2016 NIOSH Report Calendar
Since 1998 NIOSH (National Institute for Occupational Safety and Health) has investigated all duty related firefighter deaths. This is an impartial fact finding mission. Many of these investigations have resulted in NIOSH Line of Duty Death reports. The reports are free for downloading at: www.cdc.gov/niosh/fire/. These reports have served as a valuable tool for many classes and can also serve as a daily devotional to honor our fallen brothers and sisters.
A member of the company can reference the calendar of NIOSH Line of Duty death reports and download a report for an upcoming duty day. The duty day can be dedicated in honor of the fallen individual(s). NIOSH reports do not contain an agency's name or the firefighter's name but it does have the incident date and the state.
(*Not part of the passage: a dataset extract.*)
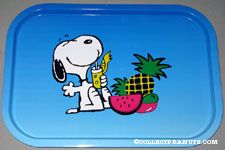 Snoopy with tropical drink and fruits Tray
A quick internet search of a firefighter fatality on that date, in that state will often produce a wealth of information; photographs of the individuals, news reports, and videos from the scene. The name of an organization or individual changes a sterile report and makes it personal. In some cases the agency has done extensive research and reporting of information to prevent such a tragedy from occurring again. Phoenix and Colerain Township are just a few organizations that have provided extensive information on their line of duty incidents.
Don’t be disrespectful. Often times we are too quick to place blame, to say it will never happen here or to create excuses to distance ourselves from the incident. There are always learning opportunities. Allow these reports to serve as a guide for the day. Look at how the organization is similar to yours. Look at how the incident is similar to incidents you have run. Find ways to pay respect. It is obvious that a set of unfortunate circumstances added up to create a firefighter fatality. That was not planned. None of us plan on dying in a fire. However, departments large and small, and even ones with a wealth of experience are encountering line of duty deaths.
We owe it to the fallen to take time to prepare. Print the report a couple days before the shift. Read and know the report. Conduct further research. The report can incorporate your organization’s Standard Operating Procedure (SOP), a piece of equipment, the discussion of how the structure or incident is similar to one that occurred within your organization. Do more than discuss the incident. Relate it to your organization and discuss how to prevent it. Conduct some additional training. The training sessions do not need to be led by the company officer. Reports can be delegated to other members of the company to get everyone personally invested in the project.
Every little bit counts. If a crew reviews one NIOSH report a month, they have honored at least 12 firefighters. If they do one a week they have honored at least 52 firefighters.